Selected features: ['Age', 'RoomService', 'FoodCourt', 'Spa', 'VRDeck']


**Perform Train Test Split**

In [25]:
# Split the data (80% train, 20% test is common)
X_train, X_test, y_train, y_test = train_test_split(
    X_selected_df, y, test_size=0.2, random_state=42, stratify=y
)

# Check the shape
print("Train shape:", X_train.shape)
print("Test shape:", X_test.shape)

Train shape: (5284, 5)
Test shape: (1322, 5)


**Model Selection** - now you will try to apply different ensemble methods in order to get a better model

- Bagging and Pasting

In [31]:
from sklearn.ensemble import BaggingClassifier
from sklearn.tree import DecisionTreeClassifier
from sklearn.metrics import accuracy_score

# Use 'estimator' instead of 'base_estimator' for newer versions of scikit-learn
bagging_model = BaggingClassifier(
    estimator=DecisionTreeClassifier(),
    n_estimators=100,
    bootstrap=True,  # Bagging: with replacement
    random_state=42
)

bagging_model.fit(X_train, y_train)
y_pred_bagging = bagging_model.predict(X_test)
acc_bagging = accuracy_score(y_test, y_pred_bagging)
print("Bagging Accuracy:", acc_bagging)


Bagging Accuracy: 0.7723146747352496


- Random Forests

In [29]:
from sklearn.ensemble import RandomForestClassifier

rf_model = RandomForestClassifier(n_estimators=100, random_state=42)
rf_model.fit(X_train, y_train)
y_pred_rf = rf_model.predict(X_test)
acc_rf = accuracy_score(y_test, y_pred_rf)
print("Random Forest Accuracy:", acc_rf)


Random Forest Accuracy: 0.7715582450832073


- Gradient Boosting

In [33]:
from sklearn.ensemble import GradientBoostingClassifier

gb_model = GradientBoostingClassifier(n_estimators=100, random_state=42)
gb_model.fit(X_train, y_train)
y_pred_gb = gb_model.predict(X_test)
acc_gb = accuracy_score(y_test, y_pred_gb)
print("Gradient Boosting Accuracy:", acc_gb)

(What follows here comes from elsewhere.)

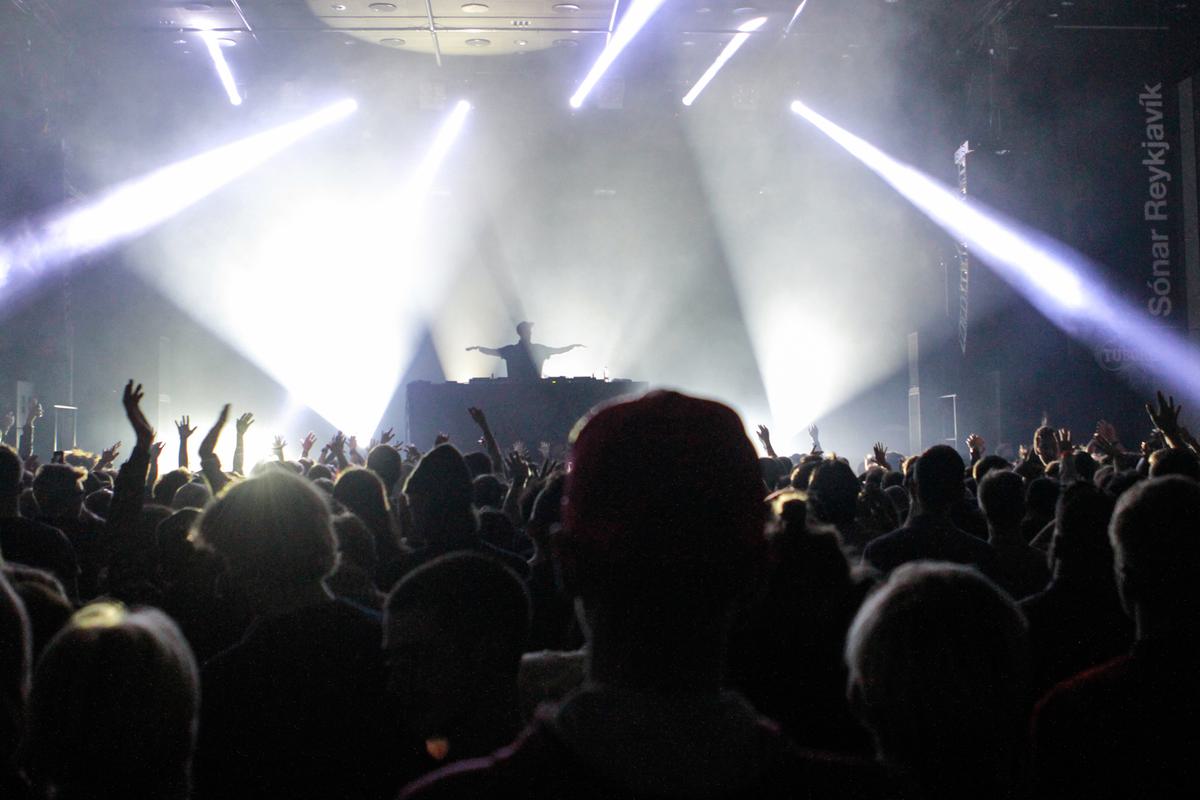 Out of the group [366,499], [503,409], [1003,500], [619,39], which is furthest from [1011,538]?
[619,39]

Gradient Boosting Accuracy: 0.7829046898638427


- Adaptive Boosting

In [35]:
from sklearn.ensemble import AdaBoostClassifier

ada_model = AdaBoostClassifier(n_estimators=100, random_state=42)
ada_model.fit(X_train, y_train)
y_pred_ada = ada_model.predict(X_test)
acc_ada = accuracy_score(y_test, y_pred_ada)
print("AdaBoost Accuracy:", acc_ada)




AdaBoost Accuracy: 0.7783661119515886


Which model is the best and why?

In [38]:
print("\nModel Comparison:")
print(f"Bagging Accuracy       : {acc_bagging:.4f}")
print(f"Random Forest Accuracy : {acc_rf:.4f}")
print(f"Gradient Boosting      : {acc_gb:.4f}")
print(f"AdaBoost Accuracy       : {acc_ada:.4f}")



Model Comparison:
Bagging Accuracy       : 0.7723
Random Forest Accuracy : 0.7716
Gradient Boosting      : 0.7829
AdaBoost Accuracy       : 0.7784


Random Forest often performs best on tabular data because:

It reduces overfitting better than a single tree.

It’s robust to noise and handles non-linearities well.

Gradient Boosting may outperform Random Forest in some cases:

Especially when data has complex interactions.

But it's more sensitive to noise and harder to tune.

Bagging is good when you want to reduce variance, but doesn’t perform as well as Random Forests unless finely tuned.

AdaBoost works well on less complex problems and is sensitive to outliers.